In most cases, there is simply no building available to a voluntary group that can accommodate a school.

In developing areas for instance, there are acres of new houses and no community facilities.

A particular irony - as shown by the accommodation crisis in Lucan, Donabate and other areas of Dublin - is that there is often a site in the locality that has been specifically reserved for a school under the local development plan, on the initiative of the Department of Education.

Such sites could be available to the State, but rental costs are simply out of the reach of a parent group.

It is absurd that when the school does indeed manage to start (in the case of Lucan in a small scout den some miles away), the State is then able to relocate it to the reserved site, but is unable to take this initiative from the beginning.

In no other area of government does such a restrictive attitude apply towards voluntary community initiatives.

In most areas of health provision, for instance, the State welcomes and supports such initiatives and provides start-up assistance and resources in the public interest.

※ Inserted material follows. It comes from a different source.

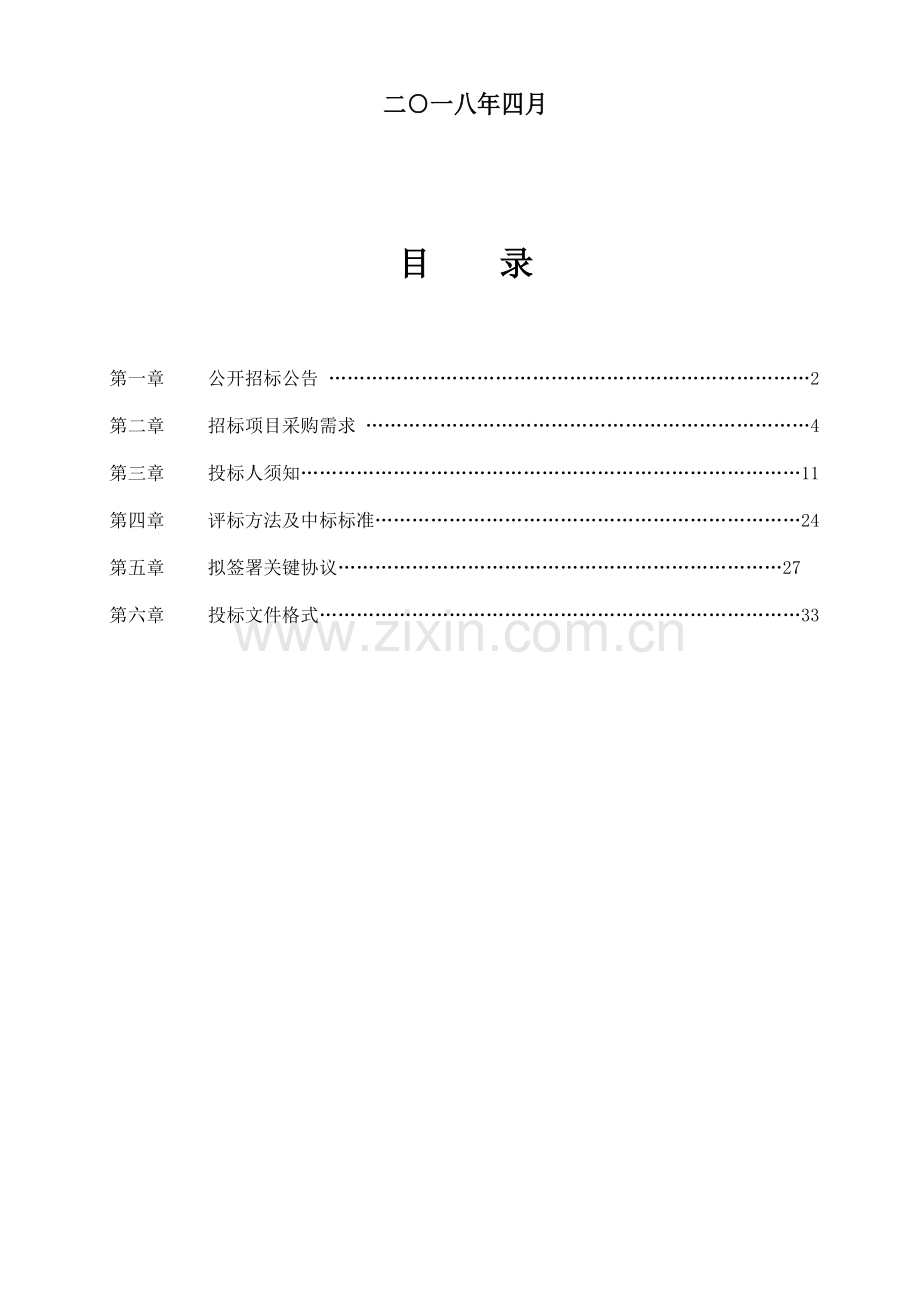 市房产综合管理信息系统采购公开招标文件模板.doc_第2页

Only in education does the balance switch to the negative. Instead of encouraging community initiative the emphasis turns to regulating the process of application.

New schools still have to pay a higher proportion of rent than established schools, and grants are given one year behind requirement. Voluntary groups do not receive one cent in recognition of their expenses.

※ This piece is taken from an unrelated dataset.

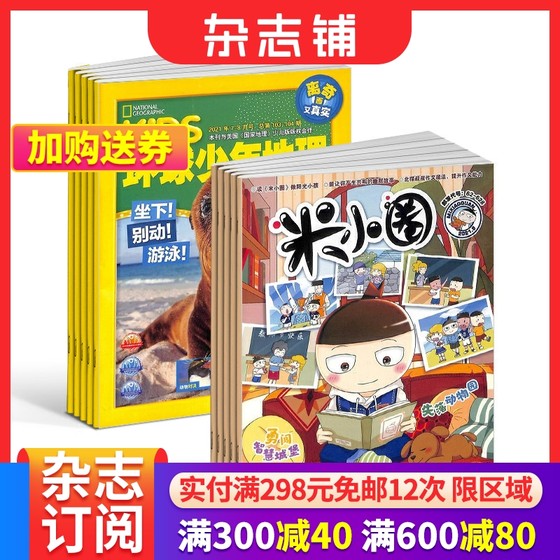 环球少年地理+米小圈 2024年9月起订组合共24期阅 6-12岁儿童科普百科书籍美国国家地理少儿版版权合作小学生阅读 杂志铺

The fact that the State appears to connect a person's right to an education to their ability to source accommodation must surely be anachronistic and unsustainable.

It is many years since the right to vote was restricted to householders.

In more recent times, the State's attempts to similarly resist demands for resources for children with disabilities proved futile.

Educate Together believes it is morally indefensible and counter-productive in the modern context.

It distorts the attempts to introduce planning into the process of creating new schools.

It is costly in the long term and contrary to the public good.

While the historical reasons for such an attitude can be traced back to a time when all schools in the State were promoted by religious bodies with extensive resources in personnel, land and finance, it is difficult to find a rationale to defend such an approach today.

What is extraordinary is that in the year 2003, the Department of Education and Science still provides no supports for groups coming forward to create urgently needed new schools.

At present, the escalating restrictions without equivalent supports are creating a situation where educational charities such as Educate Together are being forced to look to the Constitution and the law to vindicate the rights of the parents they represent.

Paul Rowe is chief executive of Educate Together.